A cor no cinema em geral e no musical em particular
Assim como se tornou quase um clichê dizer que o cinema silencioso nunca foi silencioso (apesar de algumas vozes discordarem radicalmente dessa afirmação, como a de Rick Altman), novos estudos, pesquisas e descobertas nos arquivos de filmes estão colaborando para consolidar a noção de que o cinema silencioso nunca foi também somente preto-e-branco.
Desde os primórdios do cinematógrafo – que pode ser visto como mais um elo da longa história das tecnologias e dos formatos de representação visual – já existia diferentes procedimentos para dotar de cor as imagens fotográficas em movimento, como a pintura manual direta e praticamente artesanal dos fotogramas ou o mais mecanizado sistema de pintura por estêncil, colocado em prática em grande escala no começo do século XX pela então poderosa Pathé, através do pathécolor.
Sucedendo e existindo concomitantemente à fotografia (que também utilizava a pintura manual e por estêncil), aos espetáculos de lanternas mágicas (com o brilho de suas cores projetadas nas imagens em placas de vidro) e aos panoramas (que buscavam através do realismo de suas pinturas “transportar” os espectadores para outras espaços e épocas), o cinema não podia se contentar com imagens monocromáticas da realidade colorida, meras “sombras da vida”, como escreveu Máximo Górki, em 1895.
De fato, muitos filmes desde o início do cinema – inclusive na histórica primeira sessão dos irmãos Lumière em Paris, em 1895 – foram apresentados em versões coloridas, em cópias tintadas (em que o suporte da película recebia uma cor, que substituta o branco), viradas (em que outro sal metálico ou colorante substituía a prata e, conseqüentemente, o preto) ou com ambos os processos conjugados.
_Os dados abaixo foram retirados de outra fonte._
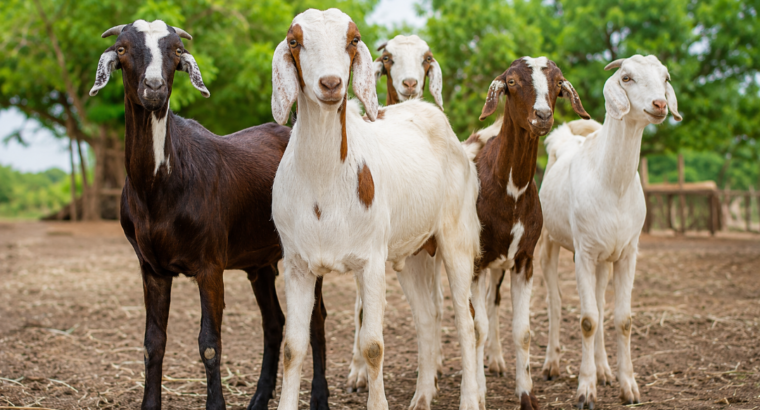 goat desi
Além do processo de tintagem ou viragem, o período entre 1911 e 1928 presenciou a agressiva concorrência entre diferentes métodos que buscaram captar fotograficamente a realidade em cores (cf. USAI, 2000). Entretanto, as dificuldades técnicas eram imensas e a irregularidade de todos os processos resultava em cópias ou projeções distintas umas das outras, além de altamente dispendiosas.
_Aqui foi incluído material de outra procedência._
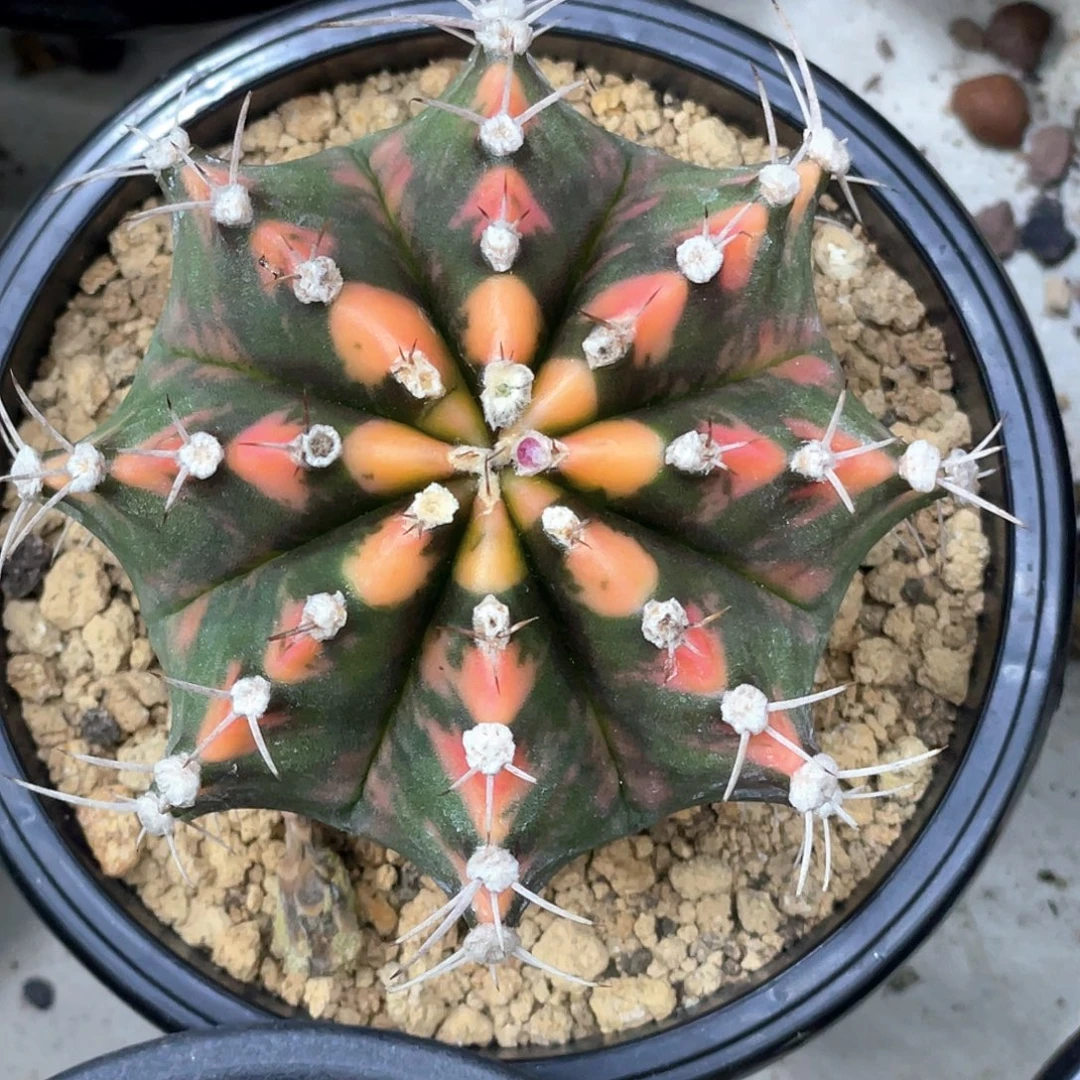 当前无花朵，栽培后可花朵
Lançado em 1928, o Technicolor Process n. 3 representou uma revolução na tecnologia do cinema, embora utilizasse, como diversos outros métodos, a simplificação para apenas duas cores primárias. Dessa forma, o verdadeiro marco se deu com o Technicolor Process n. 4, lançado em 1930, quase concomitantemente ao advento do som no cinema e, conseqüentemente, com o surgimento do gênero musical.
No artigo Sound and Color, Edward Buscombe (1978) apontava que antes da introdução do Technicolor n.4 (mas também durante o apogeu desse sistema), as cores eram utilizadas, sobretudo, em gêneros como a animação, musical, western, filme de época ou comédia fantástica – todos mais associados a representações menos preocupadas com a “vida como ela é” –, em detrimento dos gêneros majoritariamente preto-e-branco como os cinejornais, documentários, filmes criminais, filmes de guerra etc. A partir da leitura de um manual técnico – Elements of Color in Professional Motion Pictures (1957) –, Buscombe procurou demonstrar que as cores eram utilizadas para mostrar não a realidade em si, mas como o público deveria entendê-la, estando seu uso sempre submetido aos ditames da narrativa ou do estrelismo, mesmo que em confronto direto com o que seria o “real”. Nos gênero fantástico e no musical, os elos com a realidade poderiam se esgarçar ainda mais, pois, conforme o manual:
Filmes musicais e fantásticos são mais abertos às oportunidades ilimitadas para o uso criativo da cor. Aqui nós não somos amarrados pela realidade, passada ou presente, e nossas imaginações podem voar. Os filmes musicais e fantásticos são geralmente concebidos para prover aos olhos o mesmo prazer que a música proporciona aos ouvidos.
Desse modo, até o filme colorido se tornar padrão da indústria (o que só aconteceria no final da década de 1960), segundo Buscombe a cor não precisava servir ao realismo, ela devia simplesmente prover prazer – e esse prazer seria geralmente uma celebração do luxo ou do espetáculo, ou ainda da própria tecnologia do cinema, como também aconteceria no caso do Cinerama, do CinemaScope e do 3-D etc., todos obviamente coloridos.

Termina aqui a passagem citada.